╭─ Dataset excerpts
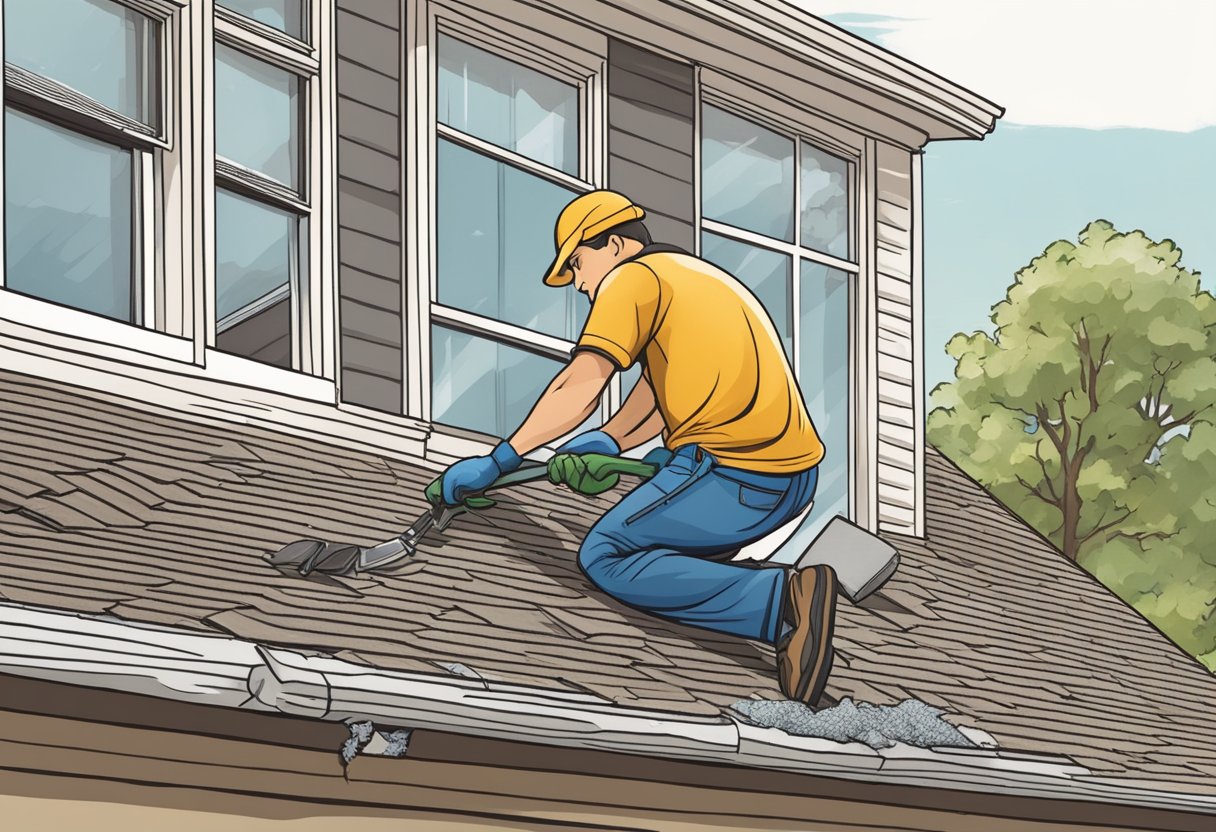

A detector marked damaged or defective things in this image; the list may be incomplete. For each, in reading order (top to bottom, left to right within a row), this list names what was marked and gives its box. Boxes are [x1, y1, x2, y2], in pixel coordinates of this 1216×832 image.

damaged shingle [732, 692, 980, 752]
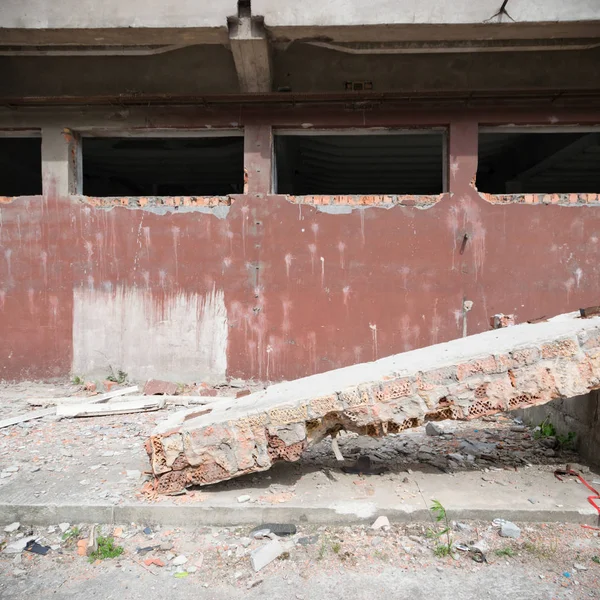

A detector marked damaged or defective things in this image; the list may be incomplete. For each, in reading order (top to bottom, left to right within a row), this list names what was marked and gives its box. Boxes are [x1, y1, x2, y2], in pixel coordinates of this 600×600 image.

cracked wall surface [145, 310, 600, 492]
broken concrete chunk [146, 314, 600, 492]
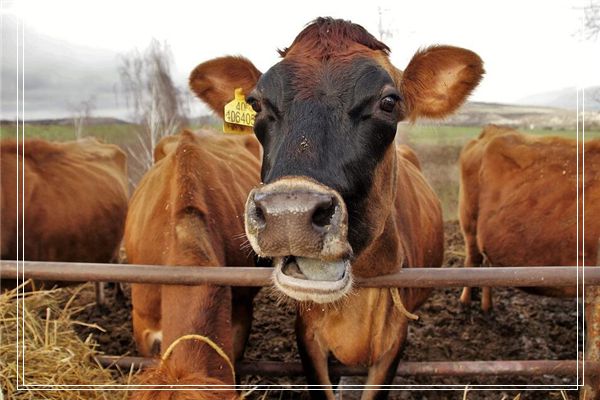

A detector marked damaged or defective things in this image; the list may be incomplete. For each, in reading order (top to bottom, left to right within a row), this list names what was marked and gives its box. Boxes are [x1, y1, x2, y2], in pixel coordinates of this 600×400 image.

rusty metal pipe [1, 262, 600, 288]
rusty metal pipe [97, 356, 596, 378]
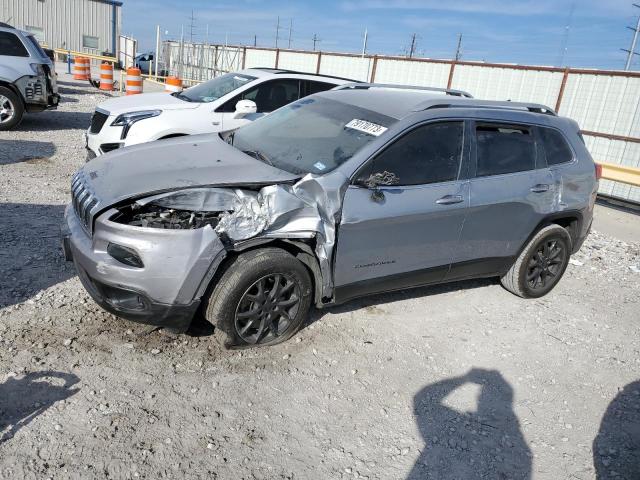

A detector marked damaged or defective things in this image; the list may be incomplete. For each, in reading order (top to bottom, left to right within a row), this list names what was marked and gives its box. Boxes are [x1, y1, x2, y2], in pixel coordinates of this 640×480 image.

crushed hood [97, 90, 200, 113]
shattered headlight [110, 109, 161, 139]
crushed hood [80, 133, 300, 206]
shattered headlight [109, 188, 241, 231]
damaged jeep cherokee [62, 83, 596, 348]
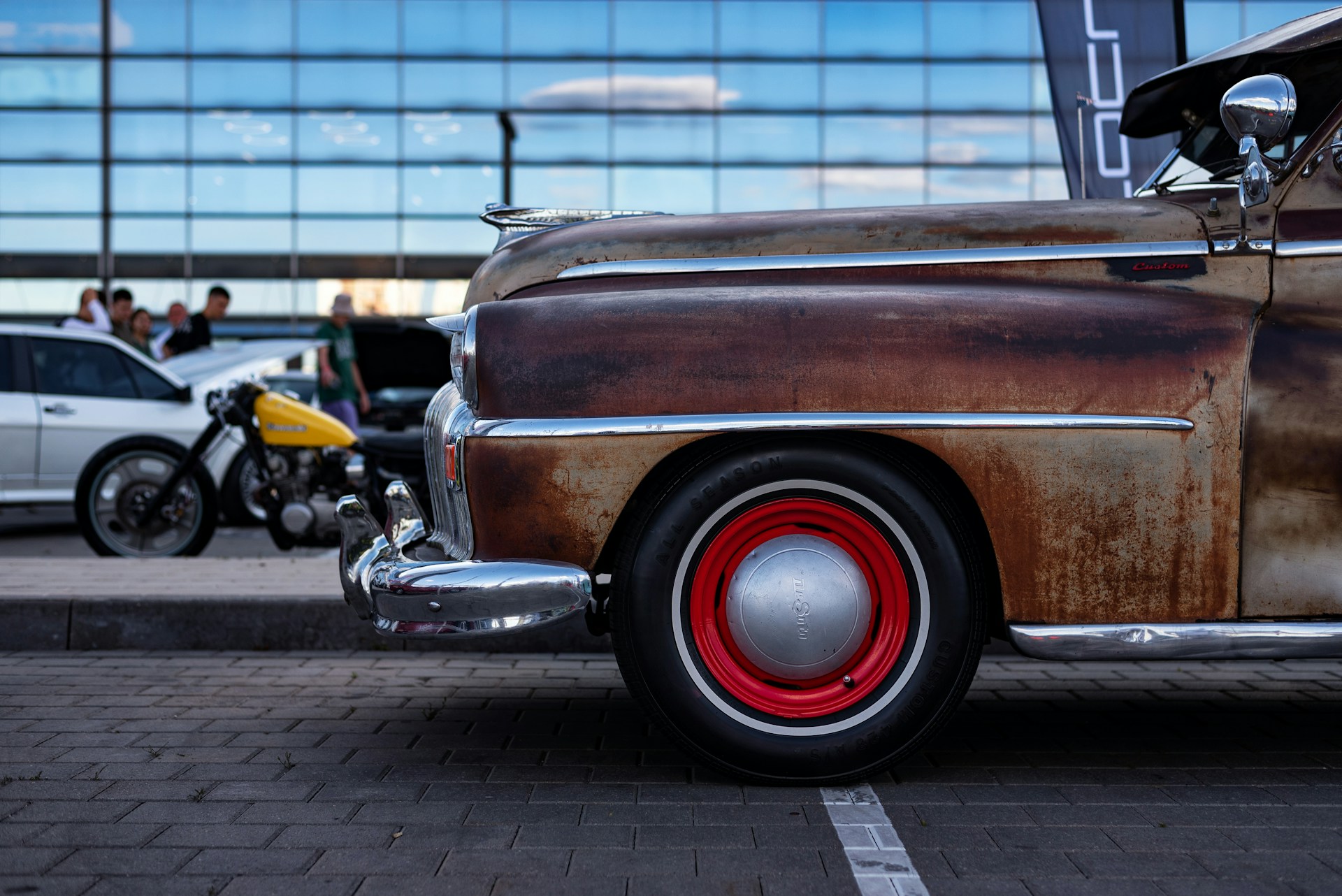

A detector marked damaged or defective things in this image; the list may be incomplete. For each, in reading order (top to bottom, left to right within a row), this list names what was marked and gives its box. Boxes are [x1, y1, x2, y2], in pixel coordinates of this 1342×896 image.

rusty vintage car [340, 10, 1342, 783]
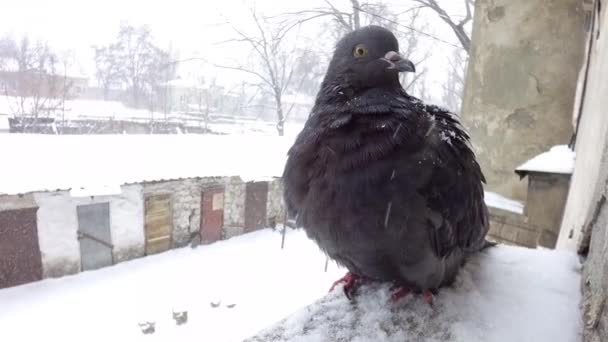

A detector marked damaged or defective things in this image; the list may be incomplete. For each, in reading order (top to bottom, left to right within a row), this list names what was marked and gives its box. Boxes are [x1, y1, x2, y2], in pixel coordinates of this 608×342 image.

rusty metal door [0, 207, 42, 290]
rusty metal door [76, 203, 113, 272]
rusty metal door [143, 195, 171, 254]
rusty metal door [201, 187, 224, 243]
rusty metal door [245, 182, 268, 232]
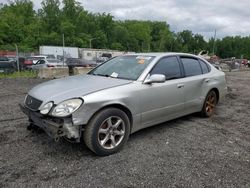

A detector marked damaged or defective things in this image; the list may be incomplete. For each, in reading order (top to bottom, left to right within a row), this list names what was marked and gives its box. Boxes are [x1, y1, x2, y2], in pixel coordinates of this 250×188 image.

damaged front bumper [20, 103, 81, 142]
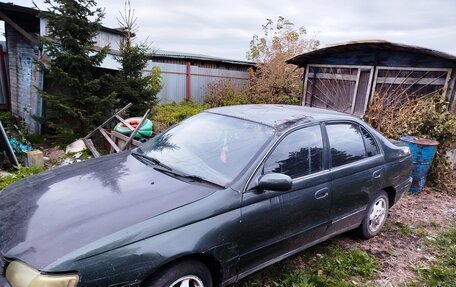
╰─
#### [Exercise]
Beginning with the line that contains "this 608×342 image.", reproduce every line through the end of the records above exactly, leaving pictures out.

#### [Problem solution]
A detector marked damaged or defective things in this image; the list may be incomplete. For each, in reading order (top to bottom, left to right within a row), this list names what was marked and gives its box. Boxes are [x1, y1, x2, y2], in pixel coordinates of this 608×342 image.

rusty metal door [0, 207, 42, 290]
rusty metal door [76, 203, 113, 272]
rusty metal door [143, 195, 171, 254]
rusty metal door [201, 187, 224, 243]
rusty metal door [245, 182, 268, 232]

A detector marked damaged or defective things in this image; the list may be incomplete. For each, in reading order (top to bottom, left to right within a row), this list names what was marked and gives its box. Boxes are [x1, y1, x2, y2], in pixel coordinates of this 250×188 image.

damaged front bumper [20, 103, 81, 142]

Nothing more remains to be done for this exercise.